Merry was born in Edgbaston, near Birmingham in England, and emigrated to the United States when he was ten years old. The family settled in Camden, New Jersey where his father became owner of a chemical works. He worked for an architectural firm in Philadelphia before becoming principal assistant in the New York City office of Henry Hobson Richardson's architectural firm. Between 1861 and 1865 he was in practice with James C. Sidney, and during this period worked on Fairmount Park in Philadelphia. From 1866 he had an office in Philadelphia, and by 1869 was working in New York City.

Per Lisa B. Mauusolf's 1983 Master's Thesis at Columbia University, "A Catalog of the Work of George B. Post, Architect," Merry appears in the salary lists for Post's architectural office as early as 1866. Merry is listed as principal draftsman for Post in 1870 and supervised many projects for Post. His increasingly significant position in the Post office is reflected in the fact that he received a cut of the profits in 1873. Merry left the Post firm in 1877, according to letterpress correspondence in the Post firm's archives.

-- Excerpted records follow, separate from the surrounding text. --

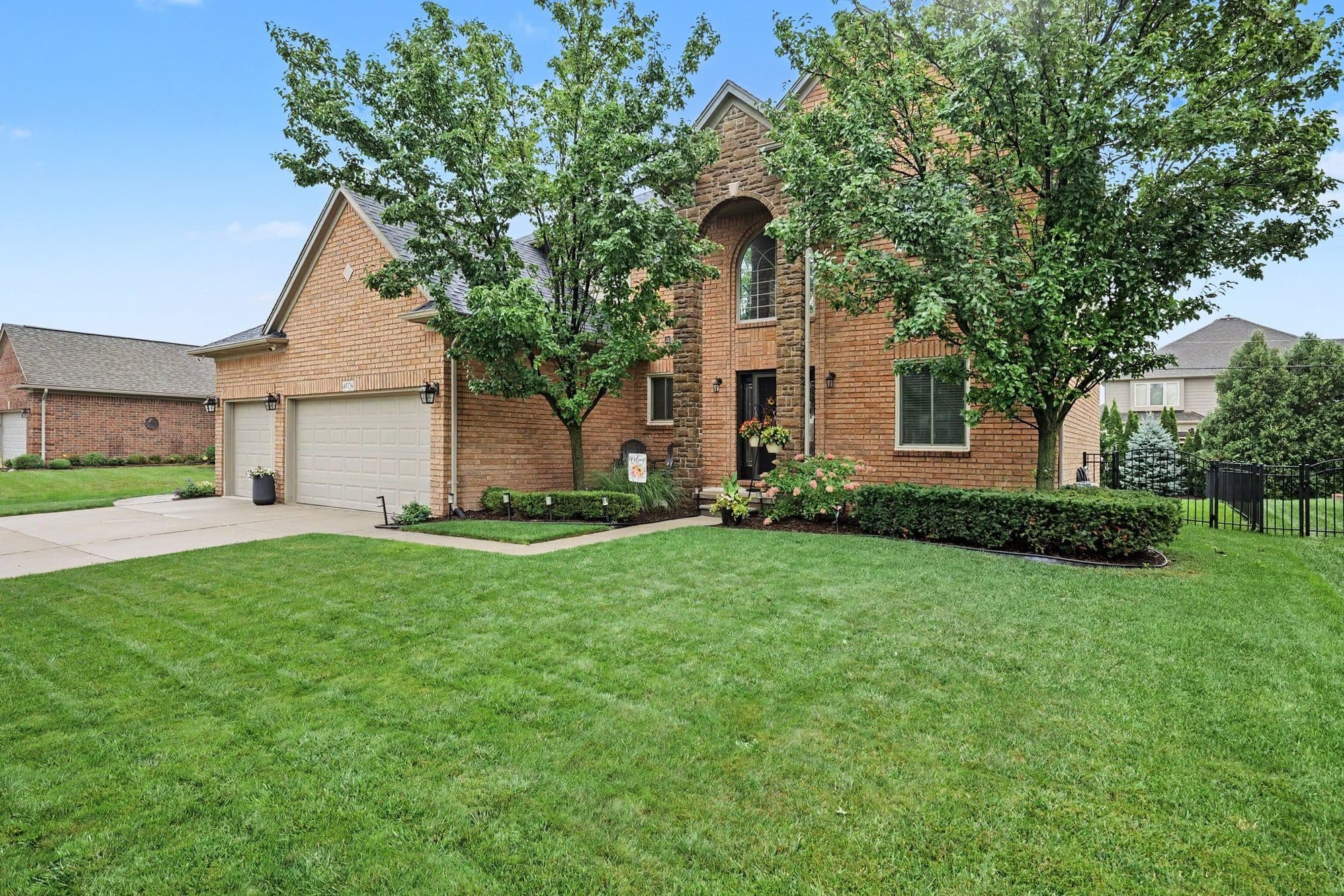 49756 Labaere Drive, thumbnail 2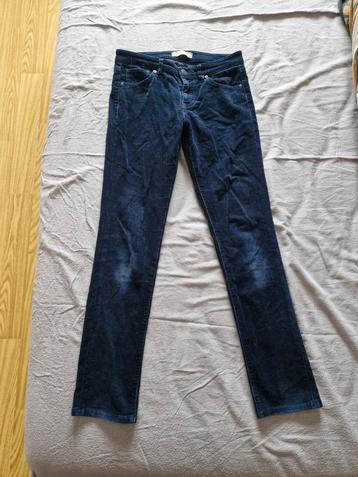 Pantalon 10 12 ans velours beschikbaar voor biedingen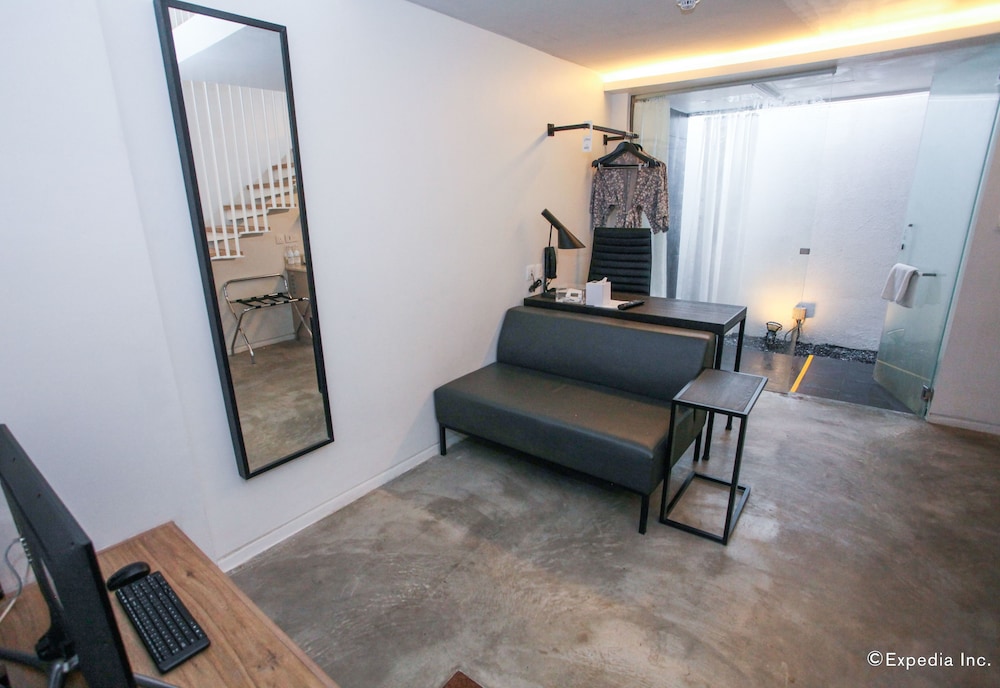 Business Room thumbnail 6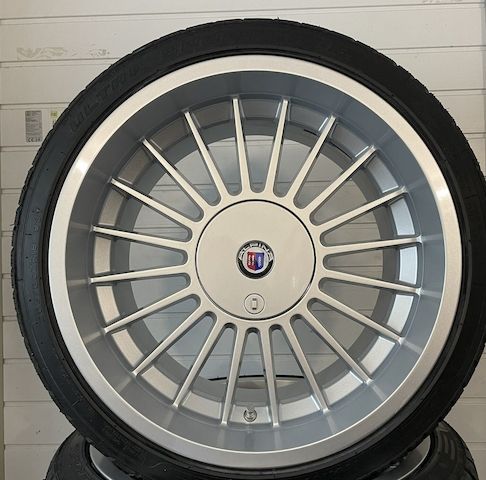 Alpina Style Design 9x18 10,5x18 Kompletträder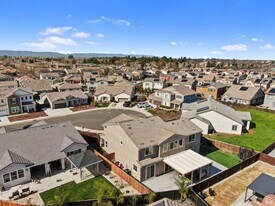 1245 Pacific Pl in Dixon, CA - Building Photo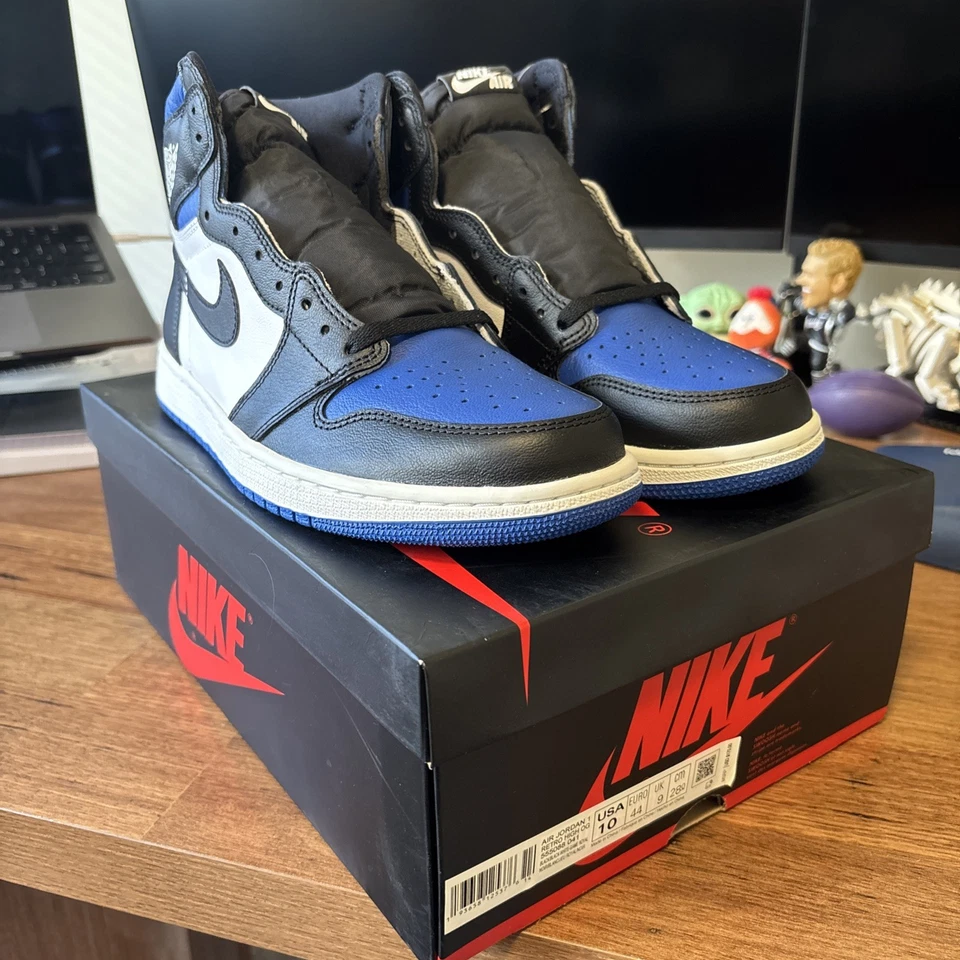 NUEVO Air Jordan 1 Retro Alto OG Puntera Real Talla 10 Auténtico Raro Azul Negro con CAJA Foto 3 de 4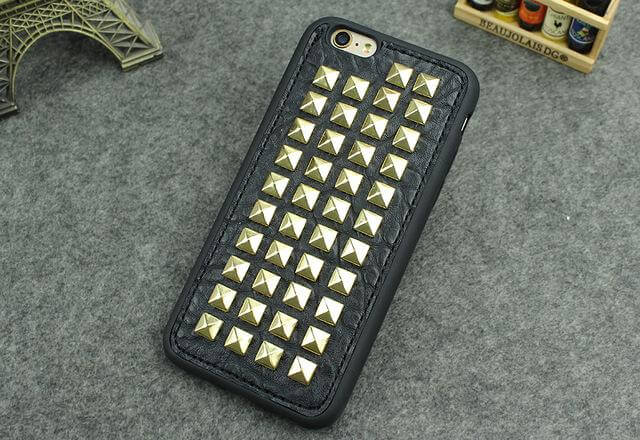 3D Cool Studs Rivet Punk Skull Design Silicone Case For iPhone Models - MaviGadget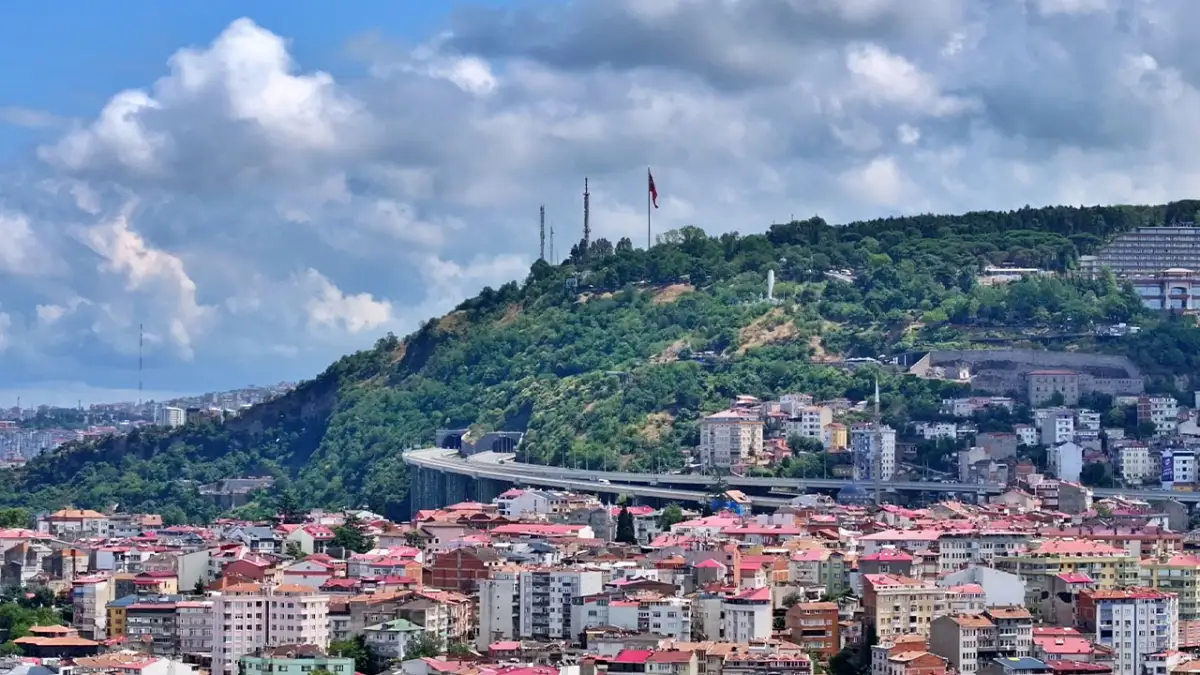 Trabzon’da hava nasıl olacak? Meteoroloji saat vererek uyardı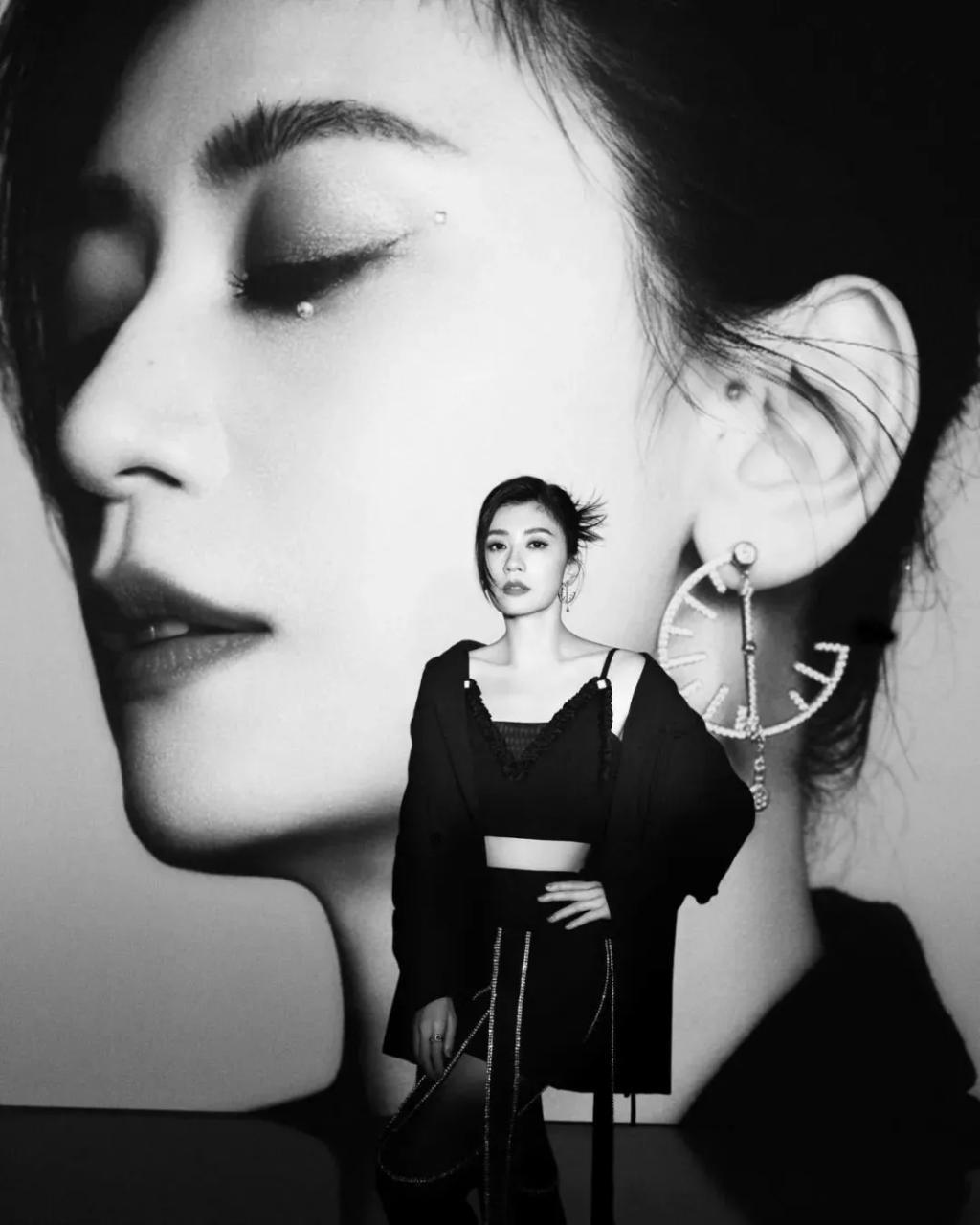 继黄多多穿泳衣被骂后，终于轮到贾静雯的女儿了……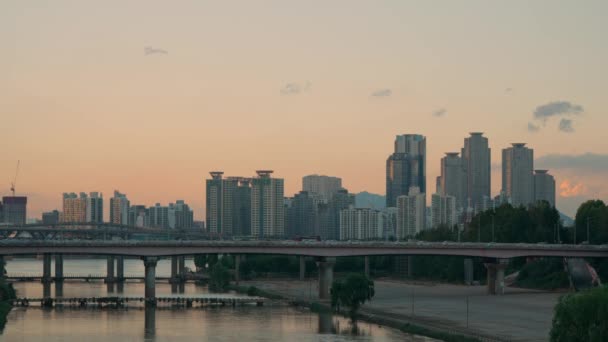 Amazing Seoul City Skyline Pink Color Sunset View Cars Traffic — Stockvideo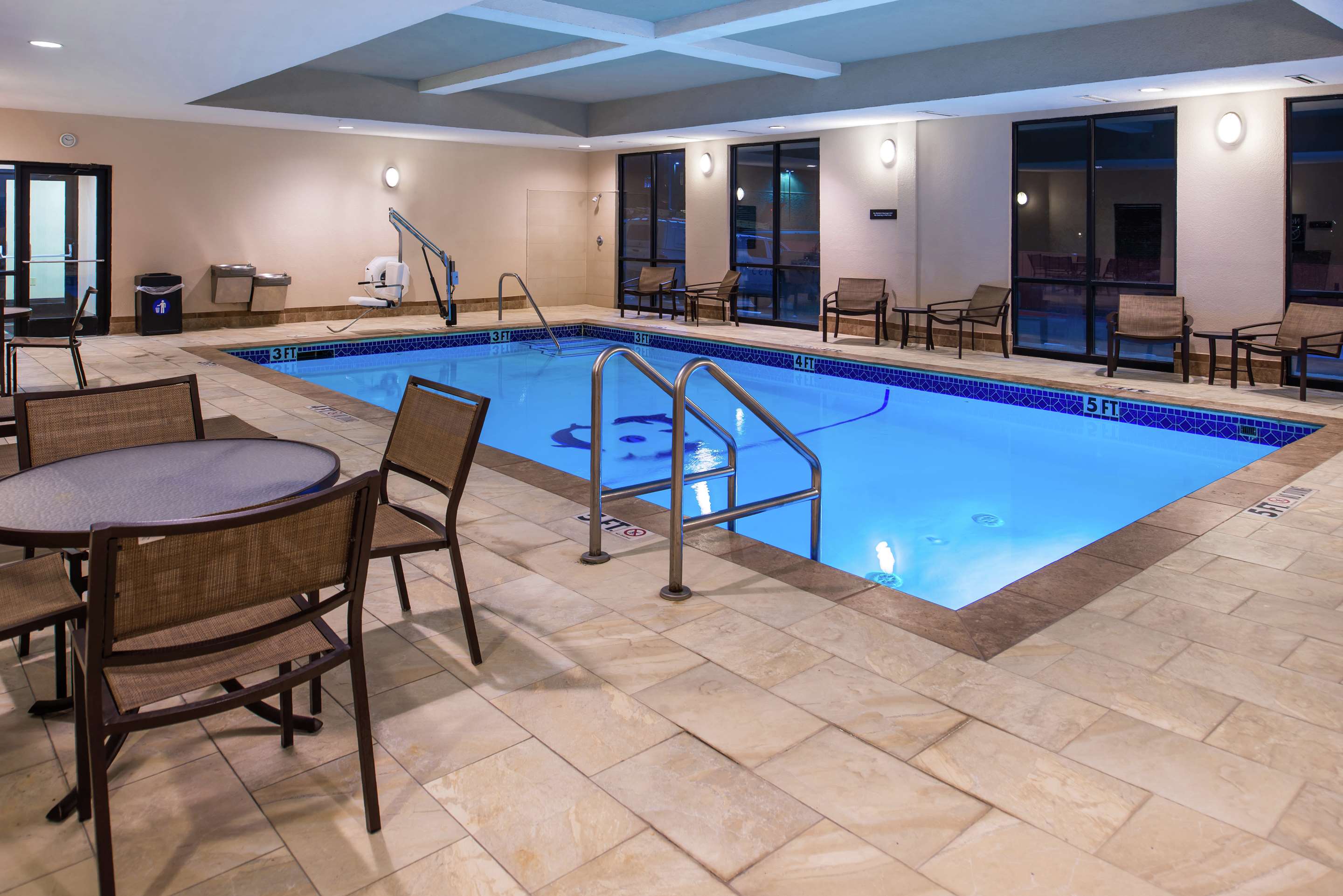 Pool | Hampton Inn & Suites Big Spring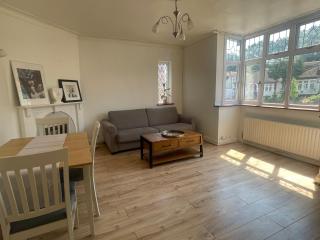 Immaculate 2-Bed House in Potters Bar - Potters Bar - 0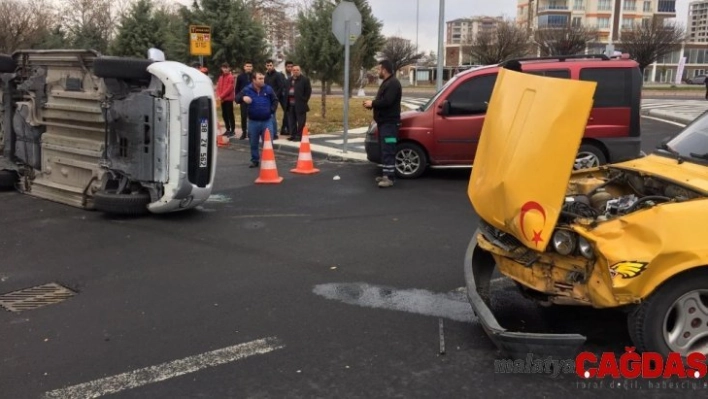 Minibüs ile otomobil çarpıştı: 1 yaralı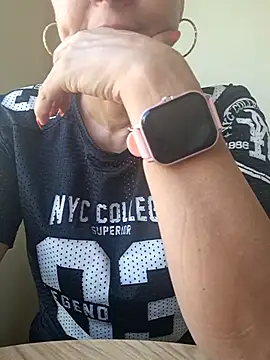 Amadamilf1980 online show from 11.26.25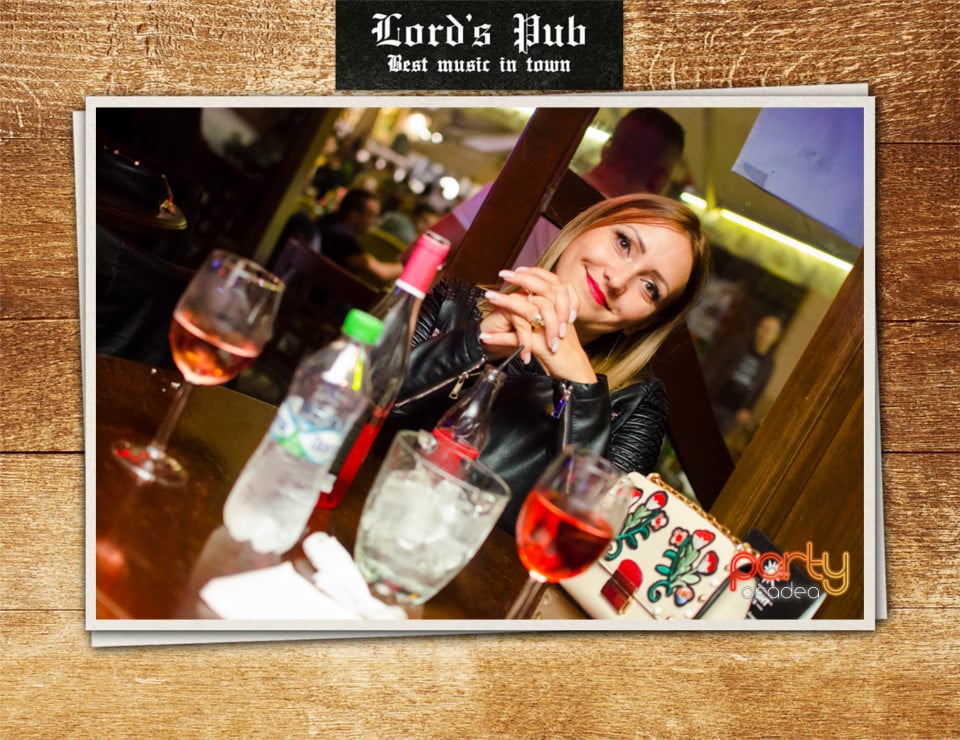 Distracție în Lord's Pub, Lord's Pub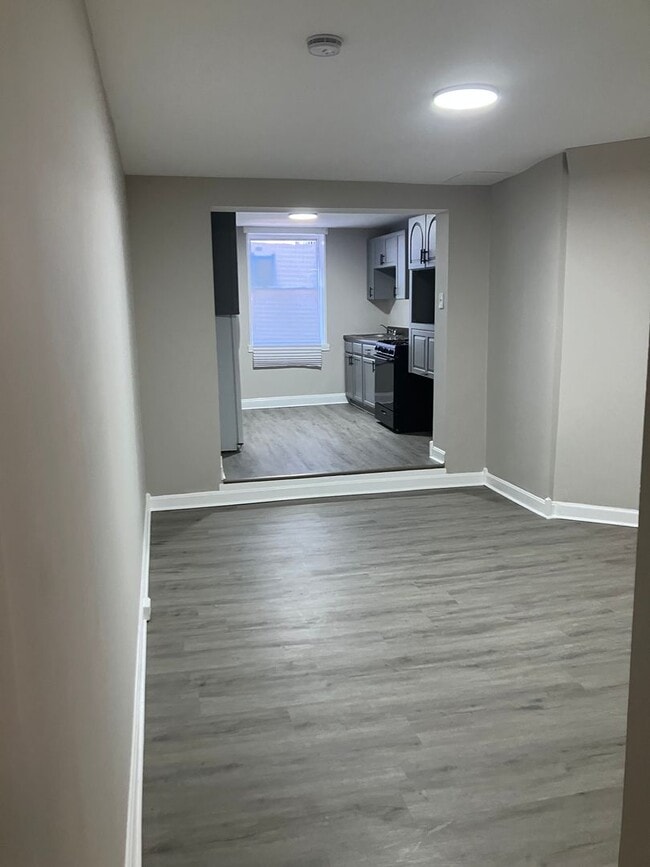 Building Photo - Convenient City Living Near Johns Hopkins & NE Market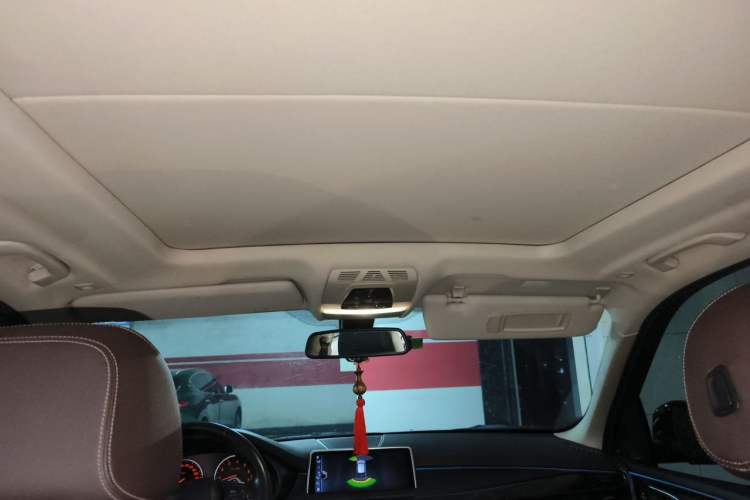Used BMW X5 2014 xDrive35i Leading Model Headliner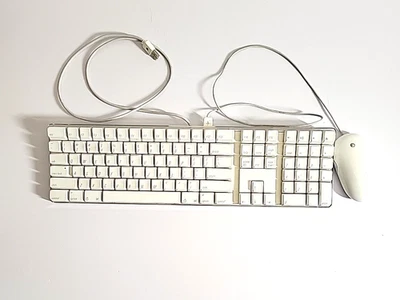 Apple A1048 USB Wired Keyboard & Apple A1152 Wired Optical Mouse Bundle White - Image 1 of 4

In 1877 he travelled to Canada to assist with designs for reconstruction after the disastrous 1877 Great Fire of Saint John, New Brunswick. In 1879 he entered a competition for a design for the New Brunswick legislative building, but his design was not chosen. His buildings include: 52-54 8th Avenue, in the Park Slope neighborhood of Brooklyn, New York City (1886); The Brooklyn Life Insurance Building, Liberty Street, New York City (c1885); and the ladies parlour (1889) of the South Congregation Church complex in Brooklyn, New York.